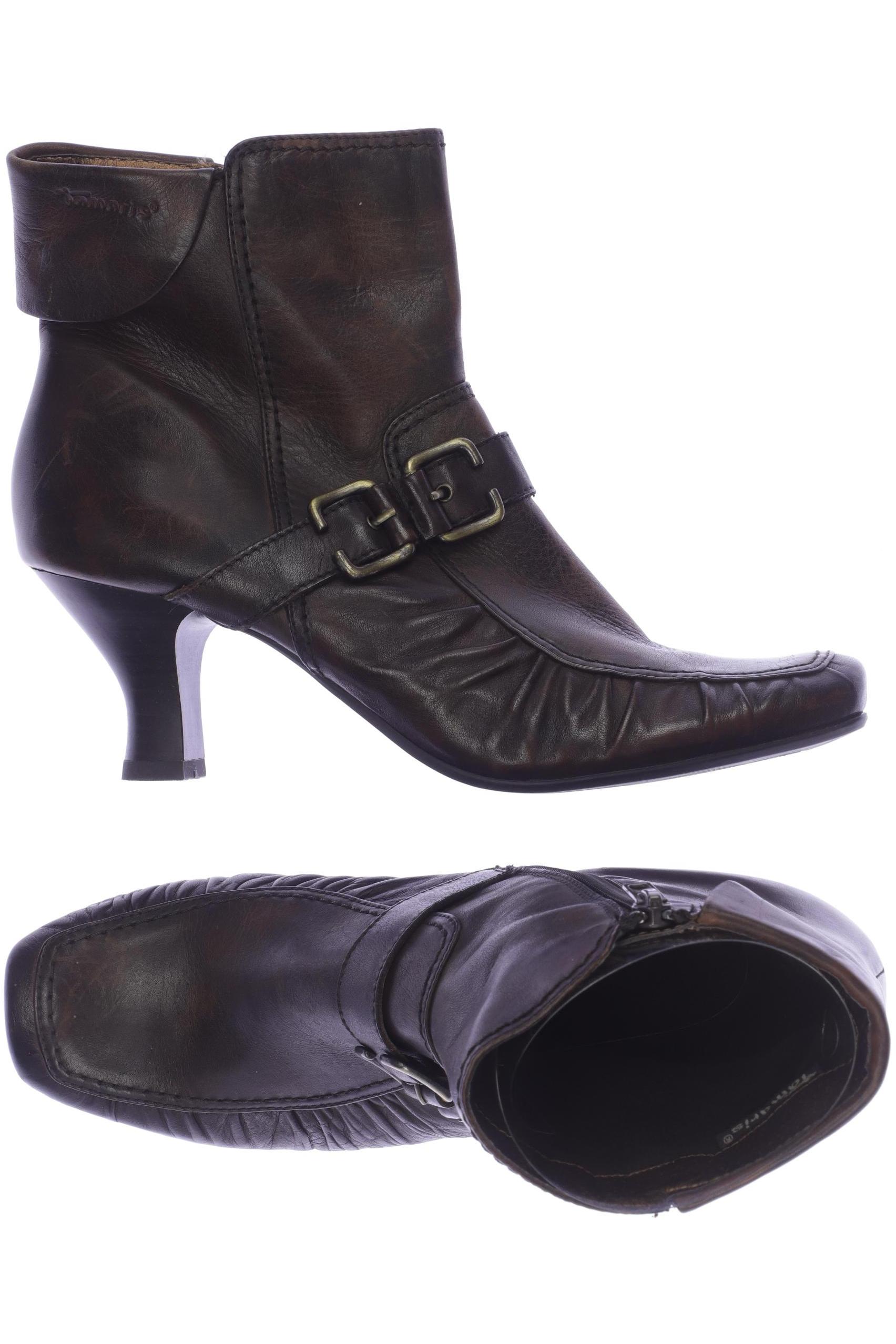 

Tamaris Damen Stiefelette, braun, Gr. 41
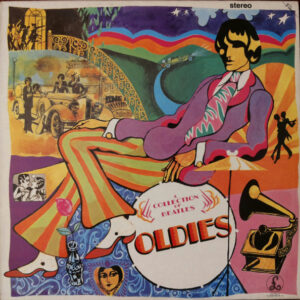 The Beatles - A Collection Of Beatles Oldies - Album Cover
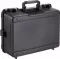 MTC360PP.GY Heavy-Duty Plastic Case With High-Density Foam And Internal Dividers, Model 360 – Gray Color, Brand: Mano.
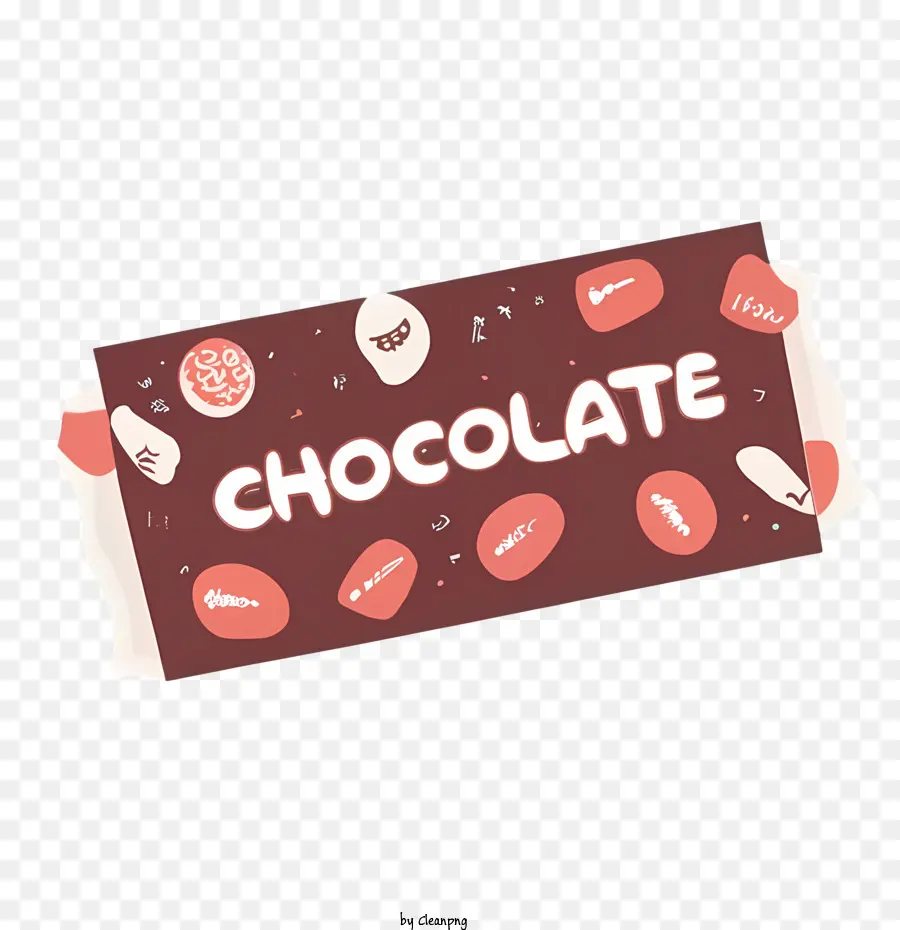 Barra De Chocolate，Dulce PNG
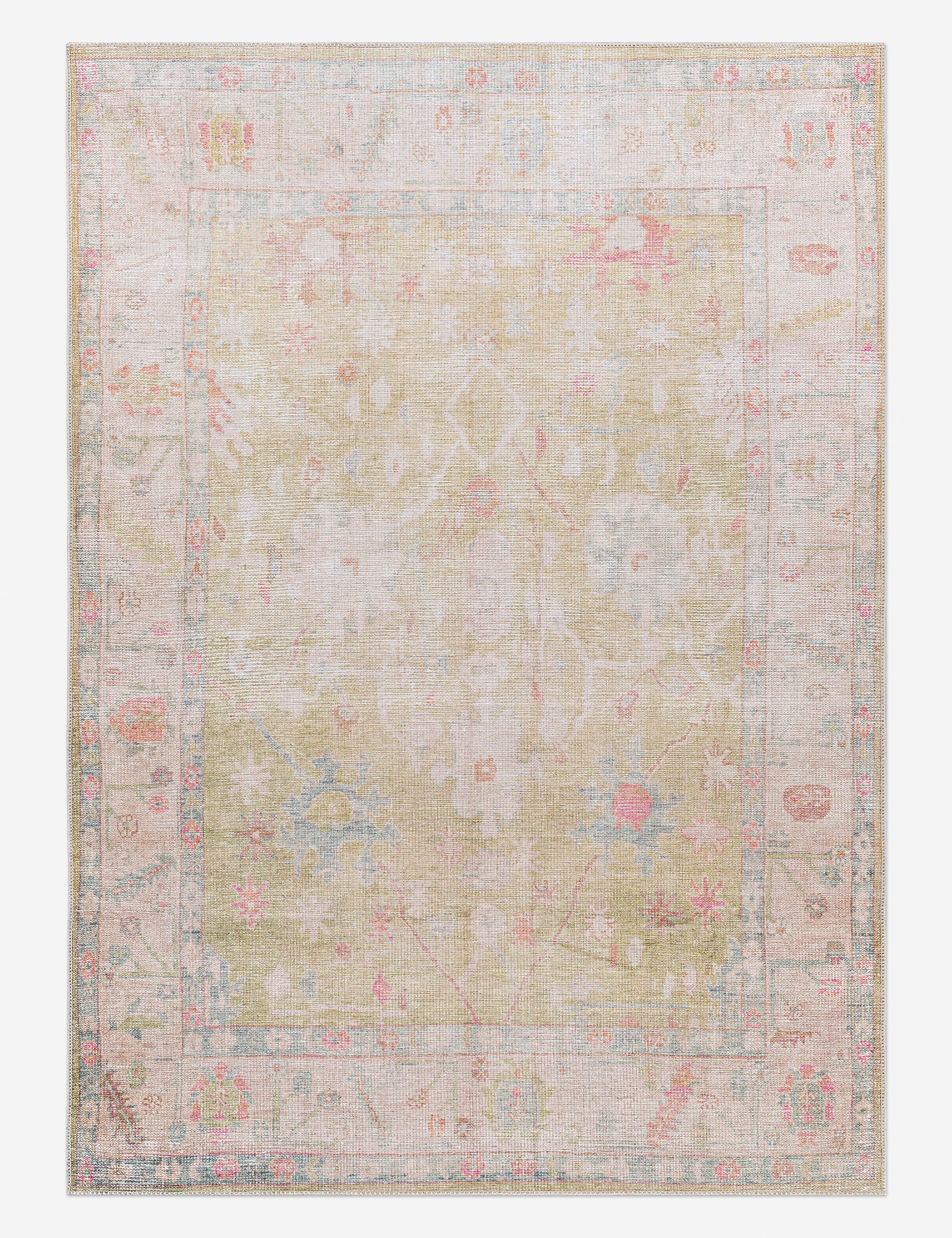 Lulu and Georgia - Lafayette Washable Rug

•••

**Task instructions**: Output the listing above in full and exactly, with pictures excluded.

**Exercise answer**:
Tamaris Damen Stiefelette, braun, Gr. 41
 The Beatles - A Collection Of Beatles Oldies - Album Cover
 MTC360PP.GY Heavy-Duty Plastic Case With High-Density Foam And Internal Dividers, Model 360 – Gray Color, Brand: Mano.
 Barra De Chocolate，Dulce PNG
 Lulu and Georgia - Lafayette Washable Rug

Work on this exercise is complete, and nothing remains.